DATA FOR PROCESSING —
*** Block opens ***
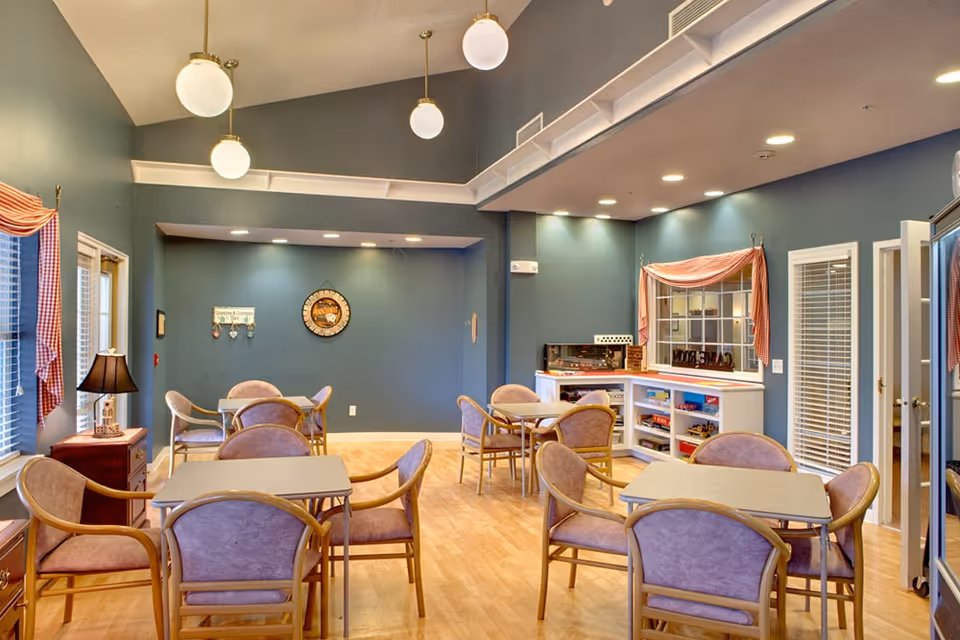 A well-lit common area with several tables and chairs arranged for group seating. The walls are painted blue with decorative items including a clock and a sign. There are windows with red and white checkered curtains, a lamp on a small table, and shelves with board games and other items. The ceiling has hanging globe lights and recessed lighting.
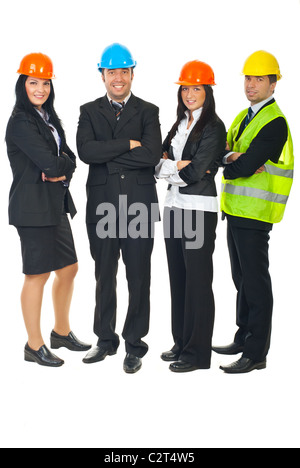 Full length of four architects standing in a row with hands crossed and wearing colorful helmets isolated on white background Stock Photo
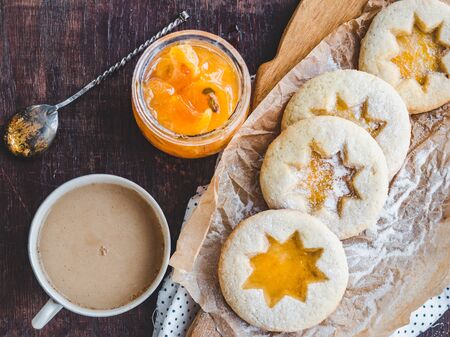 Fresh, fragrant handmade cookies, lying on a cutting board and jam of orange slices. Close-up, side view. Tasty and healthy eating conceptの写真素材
*** Block closes ***
*** Block opens ***
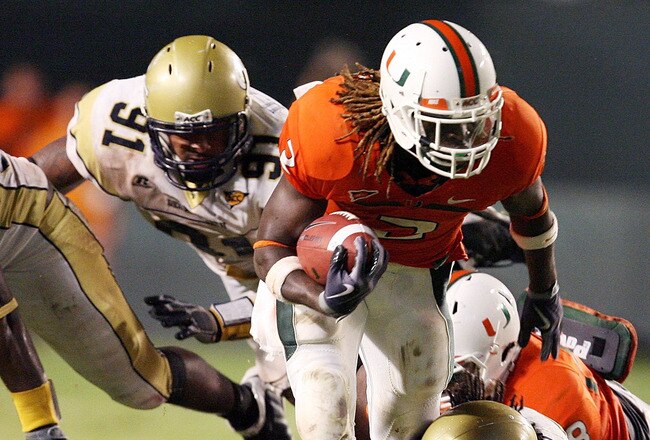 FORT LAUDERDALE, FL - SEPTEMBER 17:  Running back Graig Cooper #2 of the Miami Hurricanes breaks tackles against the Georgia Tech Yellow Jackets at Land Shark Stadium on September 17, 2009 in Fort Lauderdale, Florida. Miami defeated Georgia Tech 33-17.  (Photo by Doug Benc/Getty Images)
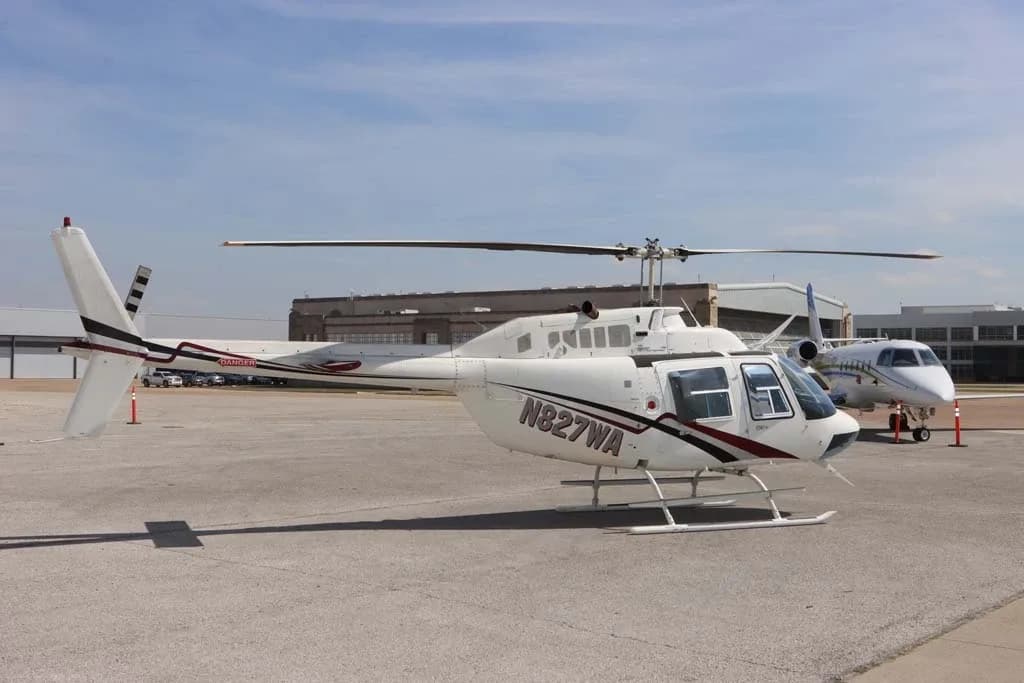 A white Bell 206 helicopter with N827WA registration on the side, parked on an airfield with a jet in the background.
*** Block closes ***
*** Block opens ***
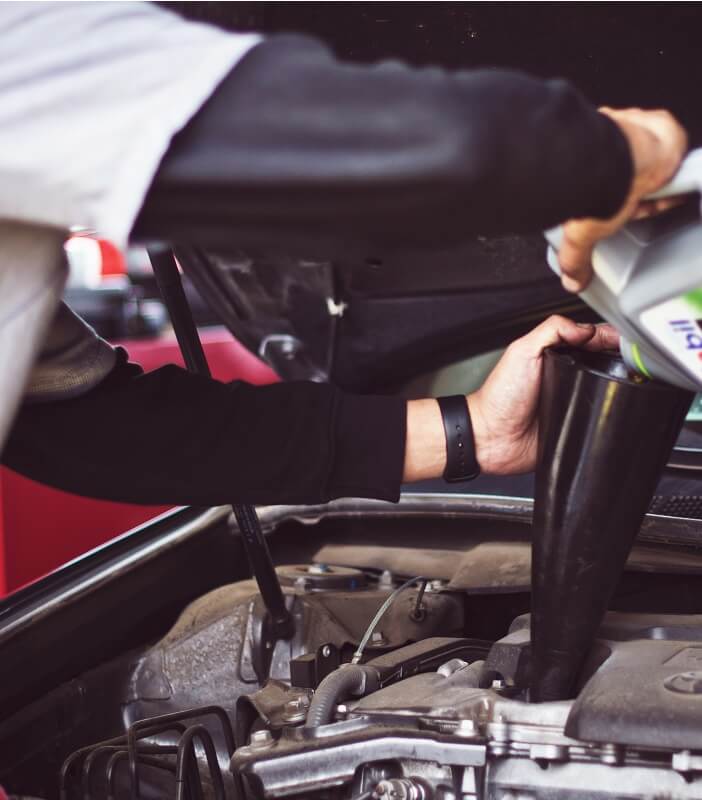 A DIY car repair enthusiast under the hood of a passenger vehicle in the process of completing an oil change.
*** Block closes ***
WHAT YOU HAVE TO DO —
When you reach the line with "Full length of" in the records above, start writing out each line exactly, and stop after the line with "Fresh, fragrant handmade". Pictures stay out.

ANSWER —
 Full length of four architects standing in a row with hands crossed and wearing colorful helmets isolated on white background Stock Photo
 Fresh, fragrant handmade cookies, lying on a cutting board and jam of orange slices. Close-up, side view. Tasty and healthy eating conceptの写真素材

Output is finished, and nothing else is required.